Description of Capital Stock
DESCRIPTION OF CAPITAL STOCK
The following is a description of certain terms of our common stock. This description does not purport to be complete and is subject to and qualified in its entirety by reference to the provisions of our restated certificate of incorporation, bylaws and the Delaware General Corporation Law.
Our authorized common stock consists of 100,000,000 shares of common stock, $1.00 par value per share.
Voting. Holders of common stock are entitled to one vote for each share held on all matters submitted to a vote of stockholders and do not have cumulative voting rights. Holders of a majority of the shares of common stock entitled to vote in any election of directors may elect all of the directors standing for election.
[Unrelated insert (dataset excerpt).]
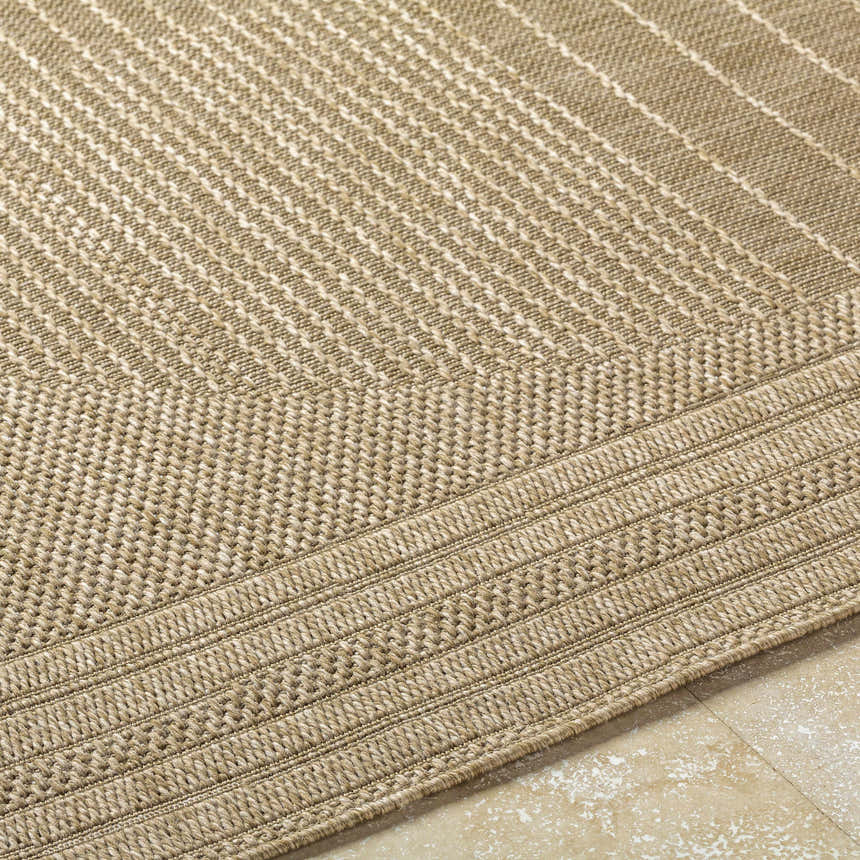 Close up of the textured, machine woven Yuley Brown Area Rug in prairie dust and tan. Texture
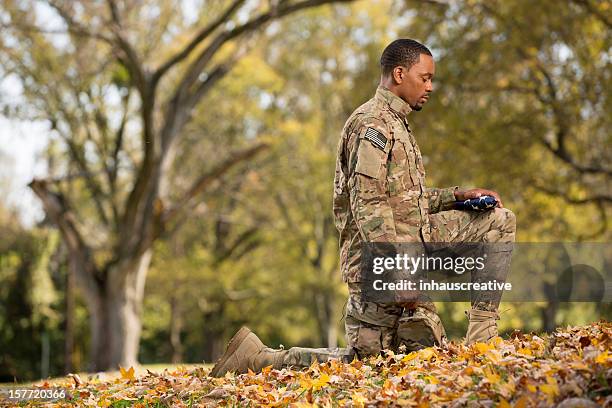 kneeling soldier praying over an american flag - soldier praying stockfoto's en -beelden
Dividend Rights. Holders of common stock are entitled to receive dividends when, as and if declared by our board of directors, in its discretion, out of funds legally available for the payment of dividends.
Liquidation Rights. Upon the liquidation, dissolution or winding up of our company, the holders of common stock are entitled to receive ratably the net assets of our company available after the payment of all debts and other liabilities.
Rights Subject to Preferred Stock. The rights, preferences and privileges of holders of common stock are subject to, and maybe adversely affected by, the rights of the holders of shares of any series of preferred stock that we may designate and issue in the future.
No Preeemptive Rights; Redemption. Holders of common stock have no preemptive, subscription, redemption or conversion rights.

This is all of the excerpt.